Have a look at these combined series numbers from Aaron Nola, Zack Wheeler and Eflin:

20.2 IP, 11H, 3ER, 1BB, 24K, 1.31 ERA, 0.581 WHIP

Mind you, these numbers came against a lineup that produced the second most runs in baseball a year ago. Pretty damn impressive.

Now, if Phillies pitchers can just avoid serving up game-tying homers with two outs in the seventh, they’re going to be in great shape moving forward.

But that’s what happened for the second time in three games, as Atlanta scored for just the first time in 19 innings dating back to Thursday afternoon when catcher Travis d’Arnaud ripped a shot over the left field wall on a hanging curveball to put the lone blemish on Eflin’s day:

Amazingly, the Braves scored in just two of 28 innings in the series with all three runs coming in the seventh inning with two outs on the board.

And yet, there’s no arguing with the results when your guy takes the ball and gives you 21 outs while allowing just four hits and a walk against eight strikeouts.

The Phillies have great expectations at the top of this rotation, and it delivered in a big way this weekend.

Where’s the Knockout Blow?

This weekend offered a good news, bad news split for the Phillies lineup.

On Thursday, Phillies hitters did a nice job of getting Braves starter Max Fried on the ropes early. They only plated two runs and failed to deliver a knockout blow, but Fried needed a taxing 94-pitch effort to survive five frames.

Charlie Morton was more efficient on Saturday afternoon, throwing just 76 pitches over five innings, but a two-out rally in fifth sparked by a Zack Wheeler RBI single and Rhys Hoskins two-run double knocked him out of the game.

On Sunday, the lineup once again worked through at-bats, quickly running Braves starter Ian Anderson to 70 pitches through just three innings, eventually forcing an exit after five innings with 88 pitches thrown.

All of this is very good and, as I wrote the other day, grinding ABs is a valuable characteristic as this team attempts to neutralize the number of outstanding starters taking up residence in the National League East.

Of course, there were two small problems.

The Phillies, again, couldn’t deliver a big hit to break things open. Anderson worked out of a first inning and jam and mostly kept the Phillies quiet, limiting them to an 0-for-3 effort with runners in scoring position.

His lone mistake came in the second inning when backup catcher Andrew Knapp launched a missile out to right field, missing his own face on the right field video board by inches.

If you had Knapp with the Phillies’ first homer of the season coming in the third game, nicely played.

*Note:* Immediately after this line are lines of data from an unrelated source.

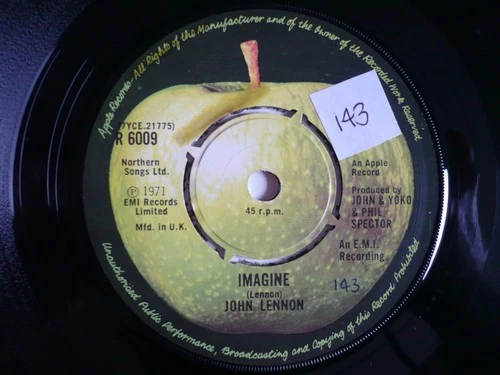 John Lennon Imagine 7" Vinyl UK 1975 1st Press 1/1 Single The Beatles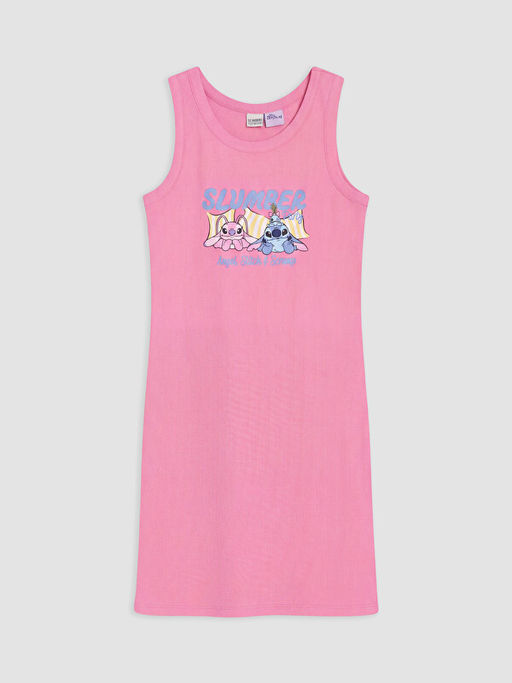 Stitch ve Angel Bask?l? K?z ?ocuk Elbise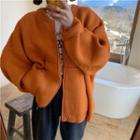 Knit Zip Jacket Orange - One Size
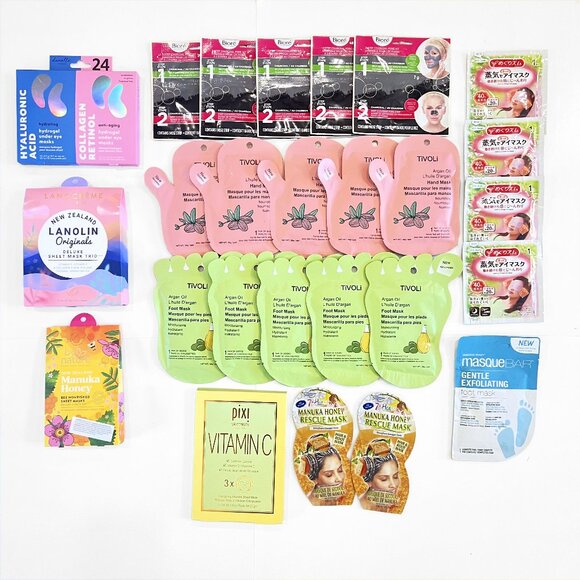 NEW! 56 Face, Eyes, Hands, Feet, Hair Treatment Masks- Unisex - Picture 1 of 16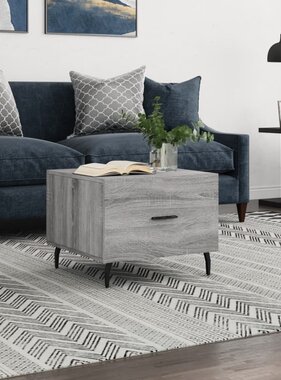 VidaXL Salontafel 50x50x40 cm bewerkt hout grijs sonoma eiken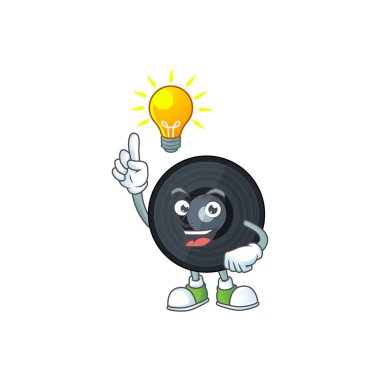 Dahice bir müzik viynl disk karikatür tasarım konseptinin bir fikri vardır. Vektör illüstrasyonu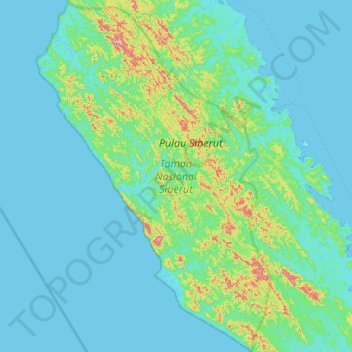Siberut National Park topographic map, elevation, terrain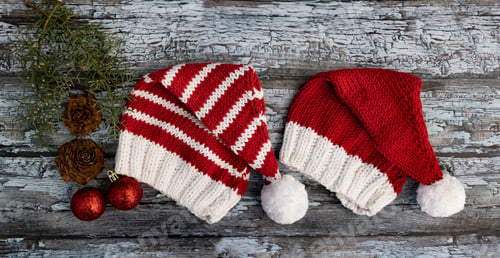 Preview: Christmas elf hats knitted with wool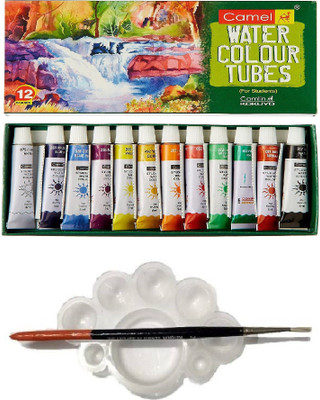 Kokuyo Camlin Kokuyo Student Water Color Tube - 5ml Each, 12 Shades with Tray and Brush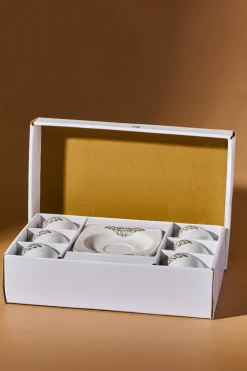 Karaca Mokka & Espressotassen Set-Nazende 12 teiliges Mochatassen-Espressotassen aus Porzellan für 6 Personen Weıß01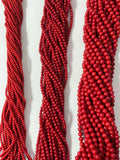 Tiny Small Smooth Red Bamboo Coral Round High Quality 2mm 3mm 4mm 6mm Full Strand 16" Gemstone Beads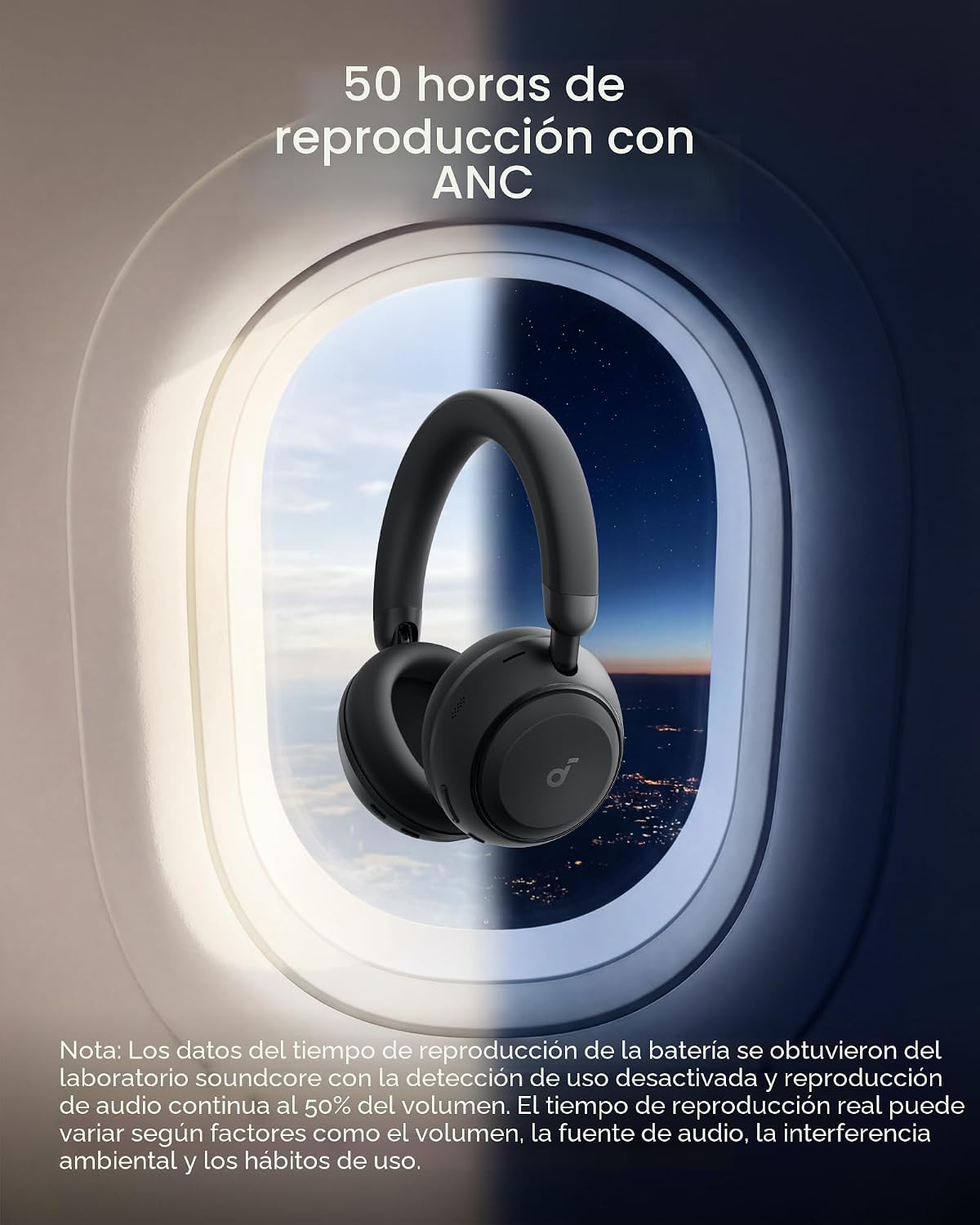 Soundcore Space 2 by Anker, auriculares con cancelación activa de r...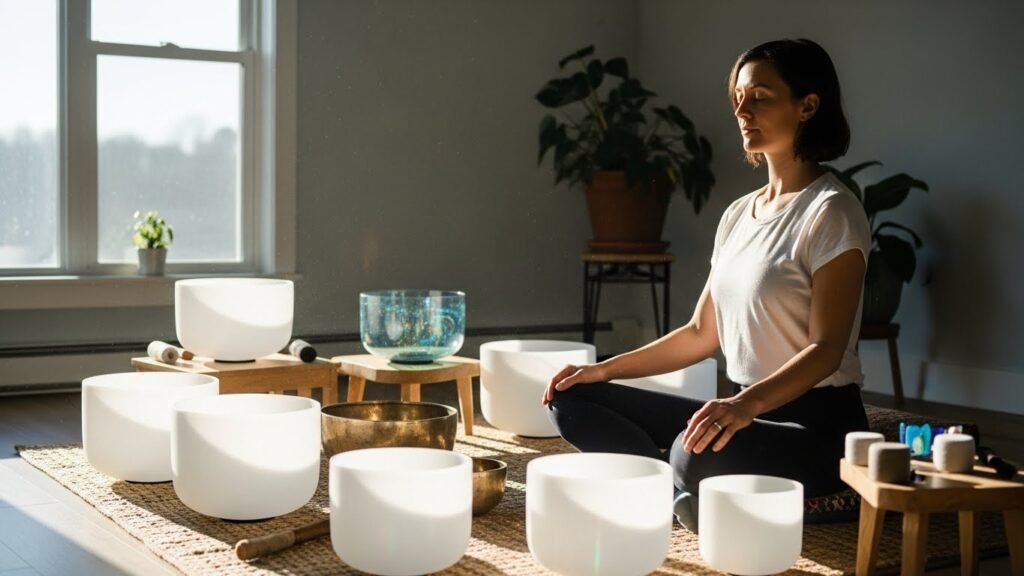 Crystal bowl meditation utilizes frequency and vibration wellness method quartz crystal resonance amplifying 4096Hz angelic frequencies penetrating etheric layers deeply restoring harmonic alignment mathematically. 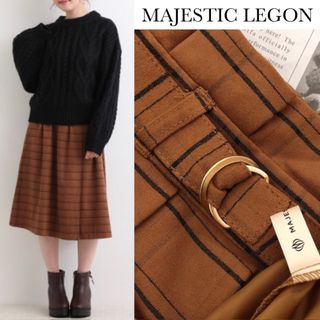 マジェスティックレゴン(MAJESTIC LEGON)のマジェスティックレゴン チェック 細ベルト スカート(ひざ丈スカート)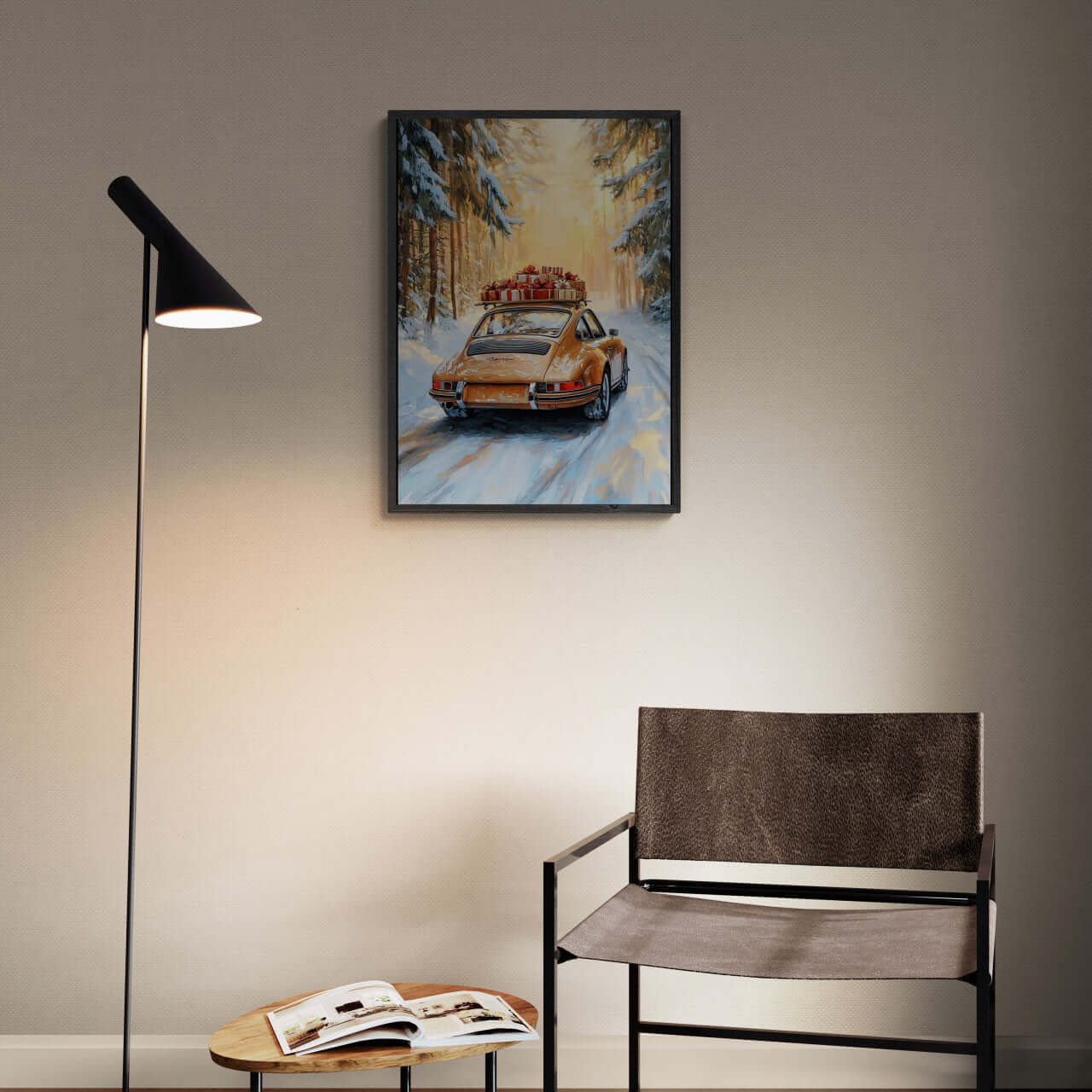Merry Christmas - Winter Drive - Poster featuring a classic car in snowy forest, warm light, cozy winter vibe.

Still, by the time Anderson departed, Phillies hitters were just 6-for-26 (.231) with 24 runners left on base for the series.

Bohm delivered later in the game, but the Phillies will hope for better and more consistent situational hitting moving forward.

Center of Attention

A great deal of time was spent focusing on the team’s center field situation last month, and that’s unlikely to change anytime soon until it begins getting steady production from the position.

It wasn’t all bad. On Thursday, Roman Quinn made a sensational play to help preserve a 2-2 tie in extra innings, but he was 0-for-5 with four strikeouts against the Braves over the weekend.

Adam Haseley, who left Thursday’s game early, started Sunday and had mixed results. He was 1-for-2 with an infield single, but he also didn’t take a crisp route to a third-inning single off the bat of Anderson.

The ball was hit hard, but it also carried an expected batting average of just .200. Certainly, it wasn’t an easy play with Haseley shaded away from the left-center gap, but that’s a grab that needs to be made more often than not.